Researchers found that those with a more favorable social risk factor profile — higher education, higher income, higher food security level, and health insurance — had lower rates of lifestyle risk factors and cardiometabolic diseases.
Racial and ethnic disparities in many cardiometabolic diseases persisted but lessened after adjusting for social risk factors and lifestyle factors.
“Given that cardiometabolic diseases are largely preventable and lifestyle behaviors are theoretically modifiable, devising effective and targeted interventions to improve cardiometabolic health in young adults would deliver long-term health benefits,” said Nannan Feng, a study co-author and a faculty member at the Shanghai Jiao Tong University School of Medicine in China.
Dr. Krista Gonzales, an endocrinologist and educator at Pritikin Longevity Center in Miami, Florida, told Medical News Today that obesity is an epidemic with implications more severe than illustrated by the study.
“As impressive as these statistics are, with nearly half of individuals aged 18 to 44 with self-reported poor diet quality, I am sure this is still a gross underestimation of individuals with poor diet quality nationwide,” Gonzales said.
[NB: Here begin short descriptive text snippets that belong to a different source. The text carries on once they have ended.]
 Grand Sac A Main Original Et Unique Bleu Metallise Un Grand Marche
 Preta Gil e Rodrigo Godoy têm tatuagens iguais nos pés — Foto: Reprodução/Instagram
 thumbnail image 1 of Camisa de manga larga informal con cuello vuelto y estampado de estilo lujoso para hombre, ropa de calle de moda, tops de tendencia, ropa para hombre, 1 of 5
Dr. Rigved Tadwalkar, a cardiologist at Providence Saint John’s Health Center in California, told Medical News Today the study should be a “wake-up call” to medical professionals.
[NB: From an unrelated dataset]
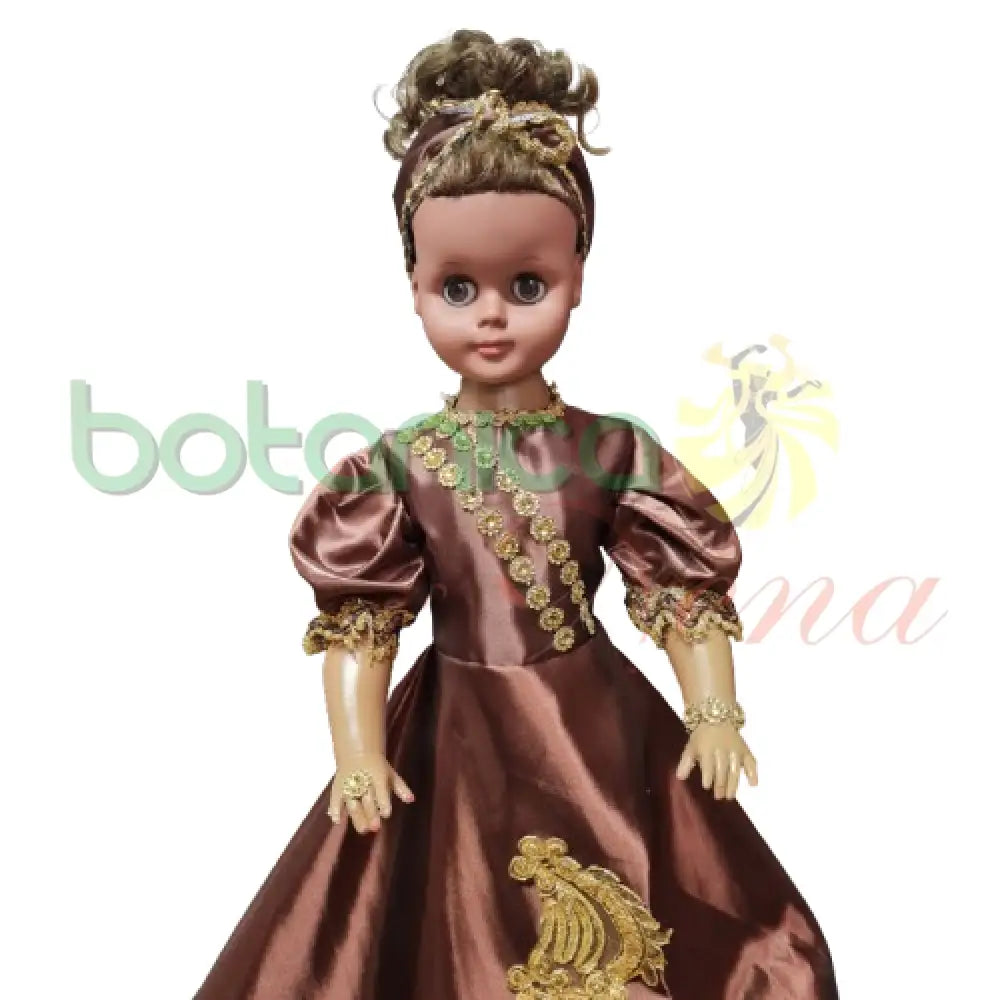 Muñeca Grande 30" Vestido Marron/carmelita - Botanica Nena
“These findings also suggest that healthcare providers need to pay special attention to young adults during routine check-ups,” Tadwalkar said. “It is not enough to assume that youth equates to good health. This age group may be more vulnerable than previously thought and clinicians should be vigilant in screening for lifestyle risk factors and early signs of cardiometabolic diseases.
“This is a critical window of opportunity for early intervention,” Tadwalkar added. “For example, regular blood pressure checks should be part of routine care for young adults, especially those from communities with higher prevalence of hypertension.
Tadwalkar also found the study’s insights into racial and ethnic disparities “particularly concerning.”
“For example, Black individuals had a higher rate of hypertension, but lower rates of elevated cholesterol compared to white individuals,” he said. “This suggests that tailored interventions targeting specific risk factors within different racial and ethnic groups are warranted. Clinicians must recognize these disparities and work towards equitable healthcare by providing culturally sensitive guidance.”
Kelsey Costa, a registered dietitian and nutrition consultant for the National Coalition on Healthcare, told Medical News Today the study’s findings emphasize the importance of understanding the world in which young adults live.
“Young adults today live in a fast-paced, high-stress environment, often resulting in suboptimal lifestyle choices,” Costa explained. “Factors such as lack of time, limited access to healthy food options, high levels of stress, and sedentary habits contribute to this situation.”
“This demographic is often targeted by marketing for unhealthy food and beverage options, further exacerbating the issue,” she added. “It’s crucial to foster health-promoting environments where healthy choices are the easy choices. Strategies could include increasing access to and affordability of nutritious foods, promoting the benefits of regular physical activity, and implementing public health policies that reduce unhealthy influences.”
“Understanding these unique challenges faced by young adults will assist healthcare professionals in designing targeted interventions to promote healthier lifestyle habits and reduce the risk of cardiometabolic diseases,” Costa noted.
Gonzales said younger people can improve their overall health with better lifestyle choices.
“Remaining active lifelong through exercise (both cardio and strength training), maintaining a diet rich in whole foods, low in salt, low in saturated fats, and minimizing processed foods and trans fats are key,” she said. “Closing the gap in education, food security, and health care access could largely reduce health disparities found amongst individuals of varying races, ethnic backgrounds, and socioeconomic status.”